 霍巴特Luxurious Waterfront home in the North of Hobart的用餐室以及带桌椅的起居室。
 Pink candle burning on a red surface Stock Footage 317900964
---
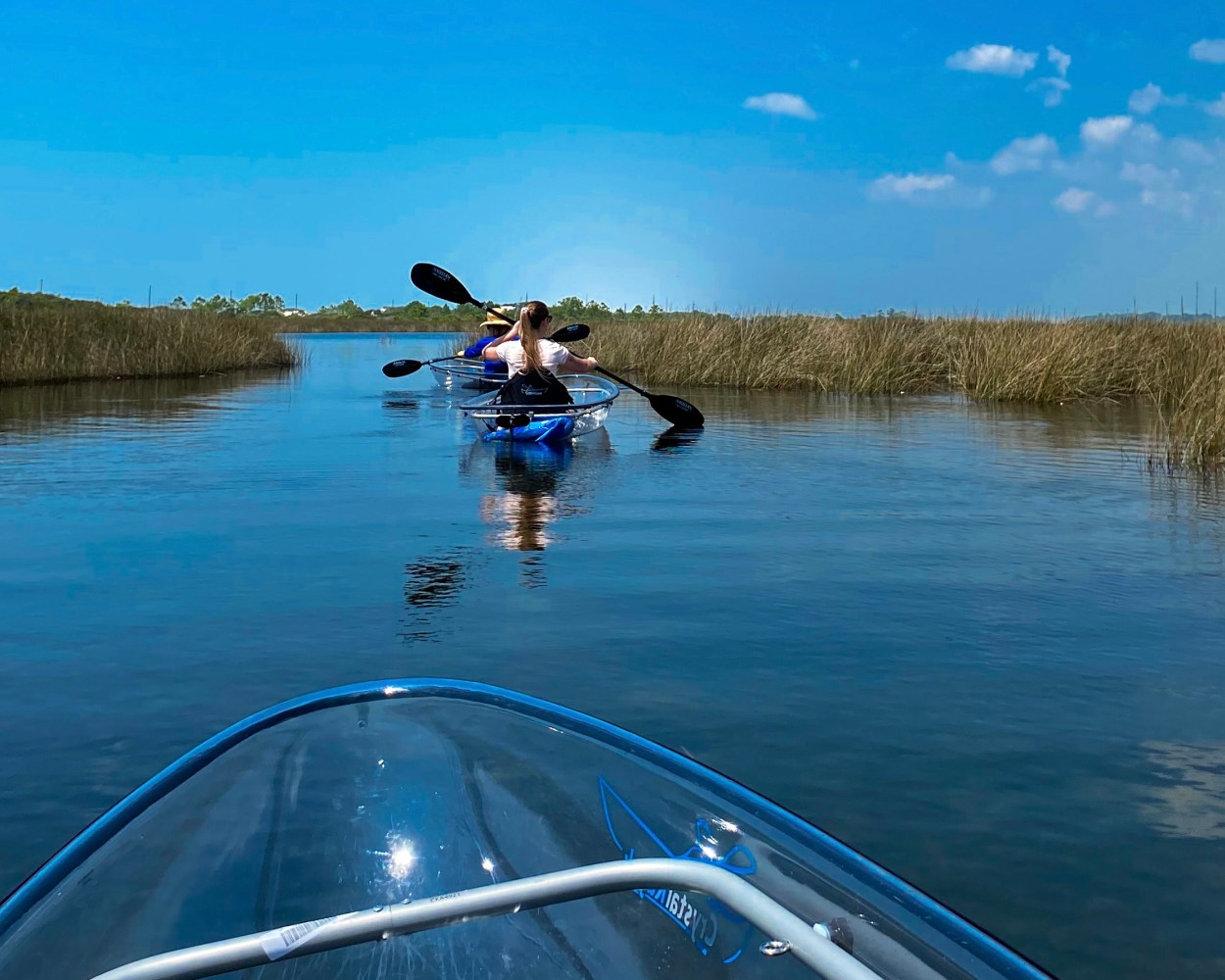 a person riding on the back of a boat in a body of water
---
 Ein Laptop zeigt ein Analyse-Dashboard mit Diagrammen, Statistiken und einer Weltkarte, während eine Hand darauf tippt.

§ **Description of the task**
In the entries above, please find the line with "霍巴特Luxurious Waterfront home" and the line with "Pink candle burning", then write out exactly those two lines and every line between them, and nothing more.

§ **Result of the task**
 霍巴特Luxurious Waterfront home in the North of Hobart的用餐室以及带桌椅的起居室。
 Pink candle burning on a red surface Stock Footage 317900964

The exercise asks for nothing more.